Like any novelist, I conjure the characters in my stories out of my own imagination. I decide what they will look like, how they will talk, and which talents and abilities each one will possess. In the case of my fantasy novel, Kiriath’s Quest,I even invented the world in which my characters live. But no human author can finish his manuscript and then “beam down” into his story to live inside it and talk among those characters he created.
God is an author, too, but He’s definitely not limited in the way human authors are limited. Out of His imagination, and for His own good pleasure, God imagined what we call “the universe,” and He created it! He further imagined inhabitants called men and women, who would have physical natures (bodies), and would also have non-physical natures (souls). It pleased God to manifest Himself to the first humans (Adam and Eve) and to fellowship with His created beings.
But there came a time when the first two humans decided to distrust God.

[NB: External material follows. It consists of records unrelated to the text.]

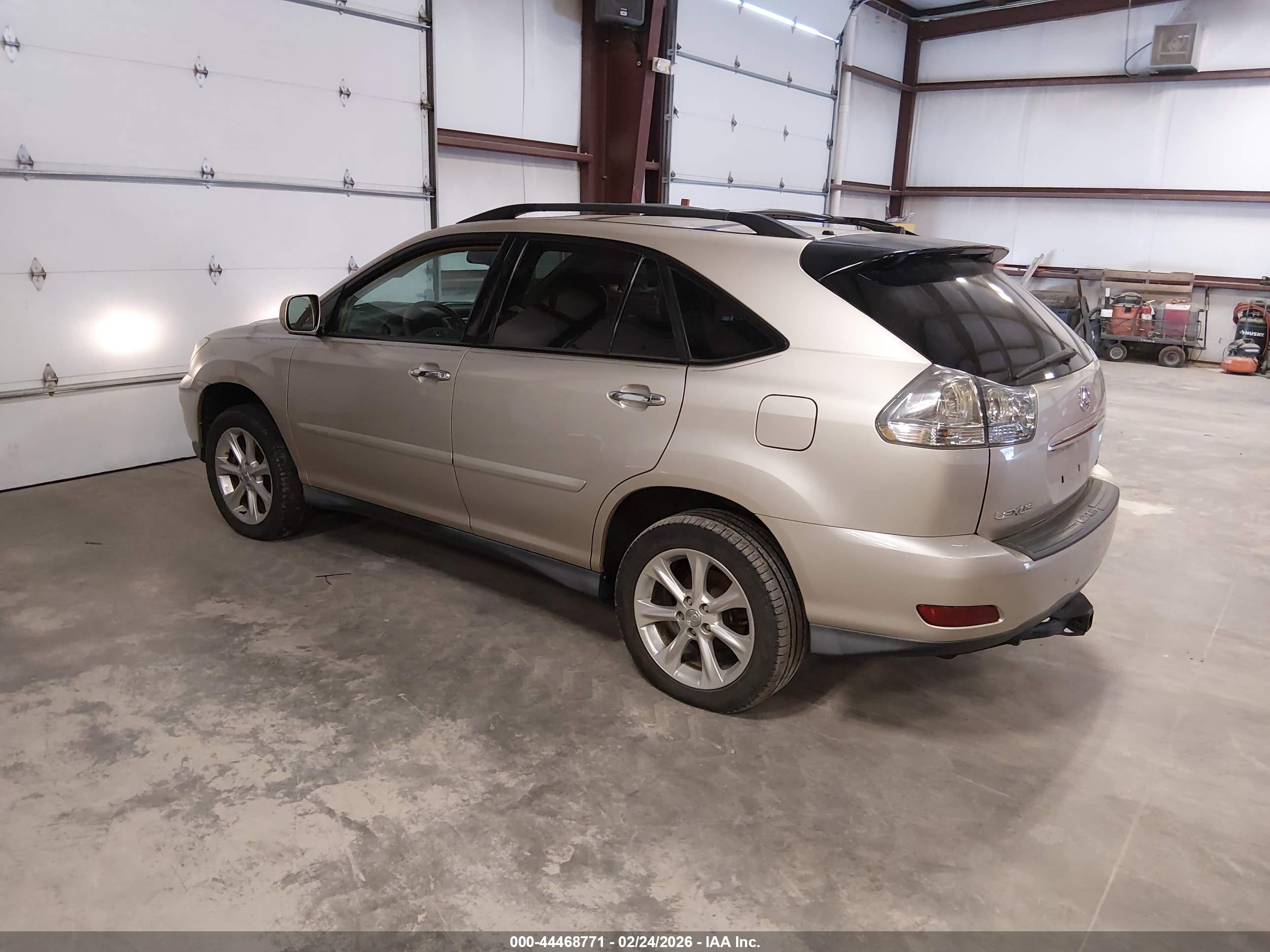 LEXUS RX image 3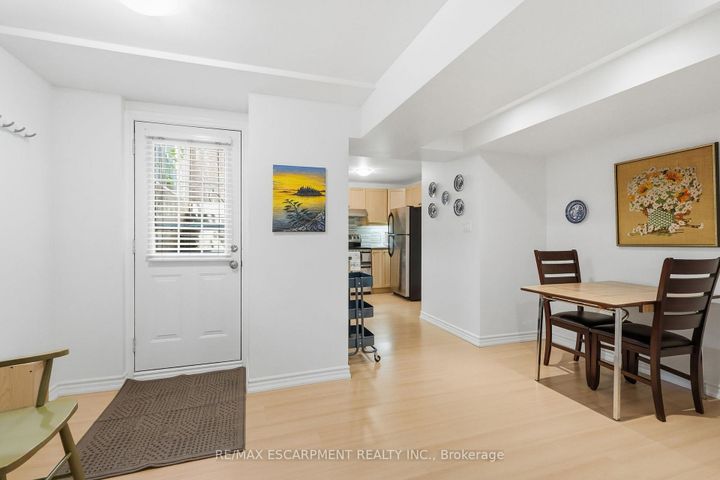 Photo 38 at 5347 Jameson Crescent, Orchard, Burlington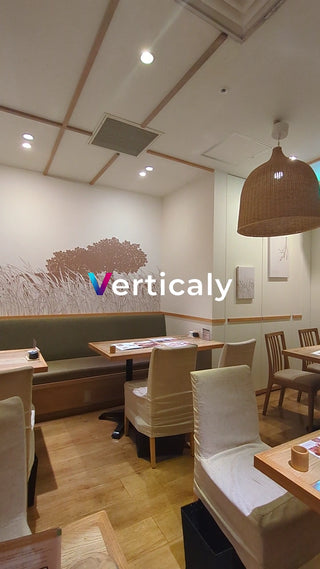 カフェの店内、穏やかな時間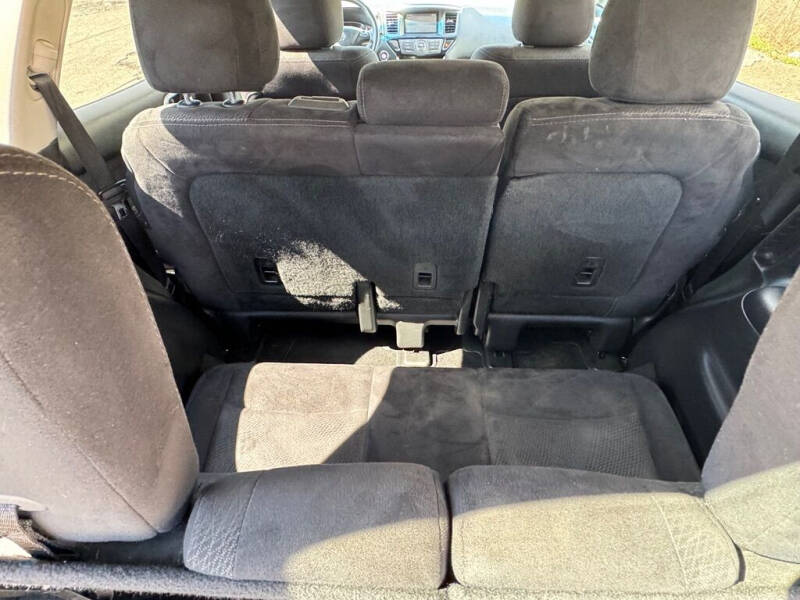 2016 Nissan Pathfinder S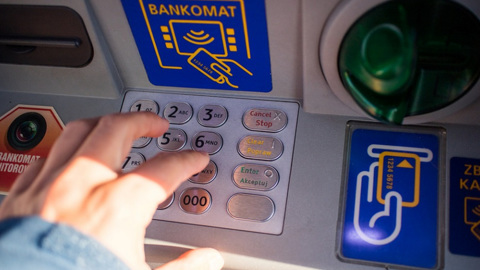 Новосибирец украл 12 миллионов с карт жителей Санкт-Петербурга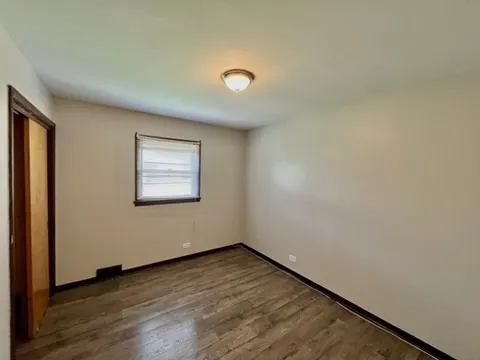 $322,000 | 12513 South McVickers Avenue, Palos Heights, IL 60463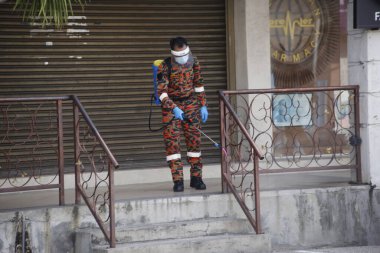SEREMBAN - 31 Mart 2020: Covid-19 'un yayılmasını engellemek için Malezya İtfaiye ve Kurtarma Birimi' nin tüm Seremban kentlerindeki Tehlikeli Özel Kuvvetler tarafından arındırma operasyonları.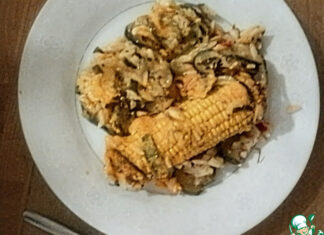 Запеканка с цуккини, кукурузой и орзо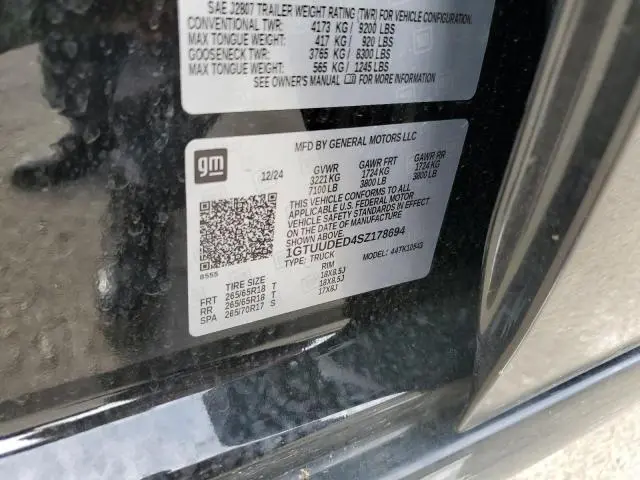 2025 GMC SIERRA K1500 SLT  
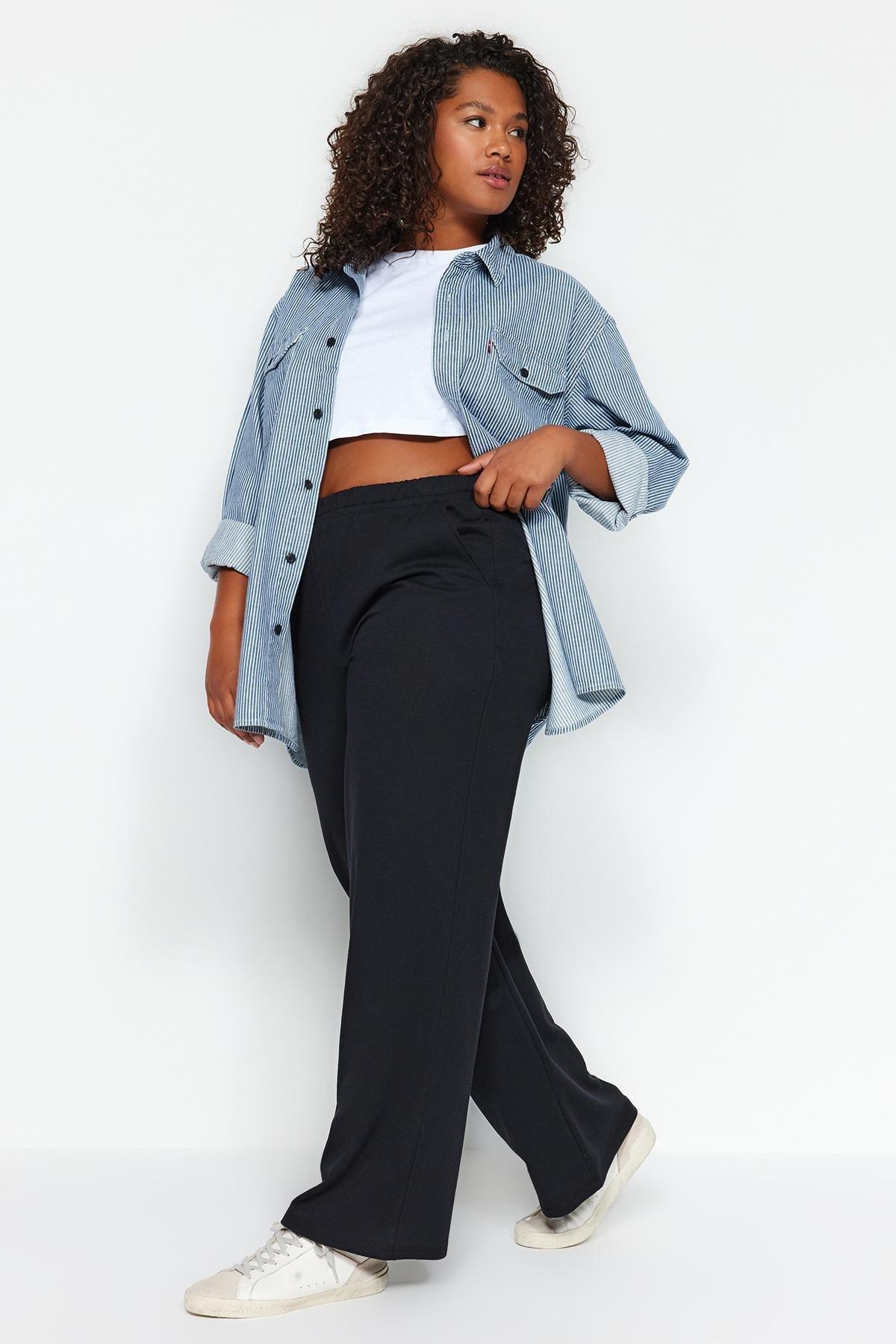 Black Plus Size Wide Cut Sweatpants, , large image number 0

They wanted to be like Him, to decide good and bad, and to ignore His one prohibition and to eat the forbidden fruit. After their disobedience, their physical bodies looked the same, but they had corrupted their own souls. They lost the perfect communion they once had with their Creator.
But God—the Author of Creation—didn’t shred His manuscript. In order redeem and restore part of mankind, God did the unimaginable plot twist: He manifested a portion of Himself to “beam down”—to be born of a virgin (the first Christmas) and to grow physically and to walk and talk inside His creation as part of it. What a mind-blowing idea! This is why the angel who explained events to Joseph, Mary’s husband to be, told him the child would be called Immanuel, meaning “God with us” (Matthew 1).
While living on earth in human form, God (named Jesus in this form) taught people spiritual Truth and healed their afflictions. But more importantly, He lived a sinless life, and then permitted flawed and sinful soldiers to capture Him and nail Him to a cross for execution. (Just imagine—an author being murdered when the violent characters in his story rise up against him? Whoa!) In this way, God Himself—in the person of Jesus—voluntarily took on Himself the punishment for the sins of the human race. But humans can’t defeat God. Jesus rose from the dead. Ever since, any person who wants to be reconciled with God and to rejoin His family can do so. “…Whoever believes in him [Jesus Christ] may have eternal life” (John 3:16).
Believing in God is good, but that’s not enough. Do you believe and accept Christ’s sacrifice on your behalf? “Whoever believes in him is not condemned, but whoever does not believe is condemned already, because he has not believed in the name of the only Son of God” (John 3:18).
This Christmas, I wish all of you a wonderful, festive time with friends and family. But don’t let the whole purpose of Christmas slip by without recognizing its importance: our Creator did what no human could so that you and I could have cleansing from sin and rejoin His family forever. If you’ve never prayed and accepted Christ as Savior, let this be the year you do!